=== GIVEN INFORMATION ===
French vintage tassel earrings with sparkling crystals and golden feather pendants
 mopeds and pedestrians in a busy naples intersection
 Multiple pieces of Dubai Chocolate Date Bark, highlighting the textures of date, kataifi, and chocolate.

=== WHAT IS EXPECTED ===
The complete listing, transcribed exactly, is the expected answer.

=== TASK OUTPUT ===
French vintage tassel earrings with sparkling crystals and golden feather pendants
 mopeds and pedestrians in a busy naples intersection
 Multiple pieces of Dubai Chocolate Date Bark, highlighting the textures of date, kataifi, and chocolate.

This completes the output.